--- TASK INPUT Enclosed Below ---

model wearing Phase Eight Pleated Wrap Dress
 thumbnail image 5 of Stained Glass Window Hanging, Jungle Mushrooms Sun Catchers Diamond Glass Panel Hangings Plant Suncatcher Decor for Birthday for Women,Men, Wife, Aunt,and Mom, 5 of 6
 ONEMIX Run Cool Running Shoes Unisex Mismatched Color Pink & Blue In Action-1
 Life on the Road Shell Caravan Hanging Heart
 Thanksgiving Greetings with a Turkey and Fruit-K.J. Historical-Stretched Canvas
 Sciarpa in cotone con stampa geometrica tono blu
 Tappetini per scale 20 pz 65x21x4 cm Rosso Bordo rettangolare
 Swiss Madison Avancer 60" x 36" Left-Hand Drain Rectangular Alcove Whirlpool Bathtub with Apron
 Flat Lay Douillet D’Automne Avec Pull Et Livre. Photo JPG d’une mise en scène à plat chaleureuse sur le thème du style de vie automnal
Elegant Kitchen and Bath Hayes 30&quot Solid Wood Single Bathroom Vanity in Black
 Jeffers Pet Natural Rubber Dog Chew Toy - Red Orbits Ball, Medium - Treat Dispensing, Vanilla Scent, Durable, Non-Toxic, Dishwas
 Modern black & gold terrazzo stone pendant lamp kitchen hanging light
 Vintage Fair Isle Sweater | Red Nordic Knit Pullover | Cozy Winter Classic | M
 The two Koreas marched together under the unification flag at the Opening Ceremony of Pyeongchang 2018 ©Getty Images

--- End of Enclosed TASK INPUT ---

## EXERCISE:
Repeat exactly the lines of the data from the first one through the line with "Tappetini per scale", both of them included.

## SOLUTION TO THE PROBLEM:
model wearing Phase Eight Pleated Wrap Dress
 thumbnail image 5 of Stained Glass Window Hanging, Jungle Mushrooms Sun Catchers Diamond Glass Panel Hangings Plant Suncatcher Decor for Birthday for Women,Men, Wife, Aunt,and Mom, 5 of 6
 ONEMIX Run Cool Running Shoes Unisex Mismatched Color Pink & Blue In Action-1
 Life on the Road Shell Caravan Hanging Heart
 Thanksgiving Greetings with a Turkey and Fruit-K.J. Historical-Stretched Canvas
 Sciarpa in cotone con stampa geometrica tono blu
 Tappetini per scale 20 pz 65x21x4 cm Rosso Bordo rettangolare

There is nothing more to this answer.